Guardiani della natura

Non sono un segno del destino.
Sono la mente più lucida che voli sopra il tuo isolato.

Ti incrocio ogni giorno. Da anni. E so perfettamente chi sei.

Ricercatori americani hanno scoperto che le cornacchie sanno distinguere i visi uno per uno.

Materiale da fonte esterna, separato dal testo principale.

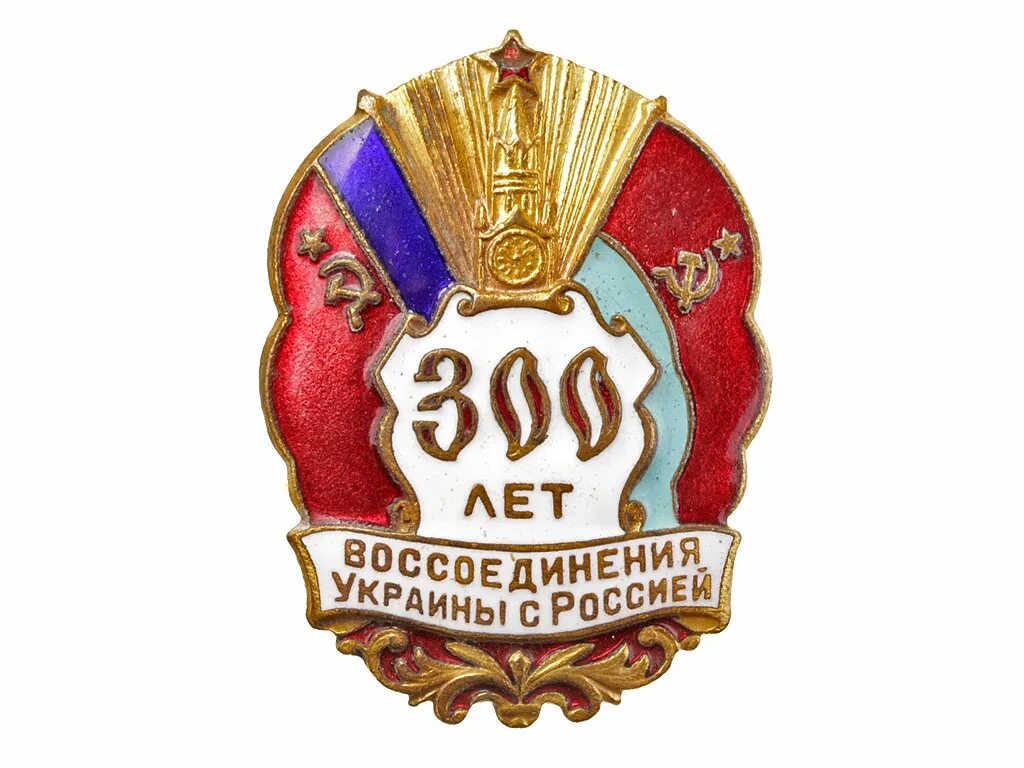 Памятный знак 300-летия воссоединения Украины с Россией. Знак 300 лет воссоединения Украины с Россией 1954. 300 Лет воссоединения Украины. Значок 300 лет воссоединения Украины.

Non si confondono con i cappotti, non si fanno ingannare dal passo: leggono le facce. E questa memoria la tramandano.
Se una cornacchia ha subìto un torto tempo fa, i suoi piccoli sanno già chi evitare, anche senza averti mai visto prima.

Memorizza decine di persone nel suo territorio.
Sa chi porta il cibo all’alba.
Sa chi ha tirato un sasso anni fa.
Sa quando il tuo gatto mette zampa fuori.

Il suo cervello, in proporzione al corpo, è paragonabile a quello di una scimmia antropomorfa.
È capace di usare oggetti, di affrontare problemi complessi, di pianificare.
Conta. Anticipa. Decide.

Non è un presagio funesto.
È un essere di mezzo chilo, con un’intelligenza sorprendente, che conserva memoria di te meglio di quanto tu faccia con lei.

E sì: in questo momento ti sta guardando.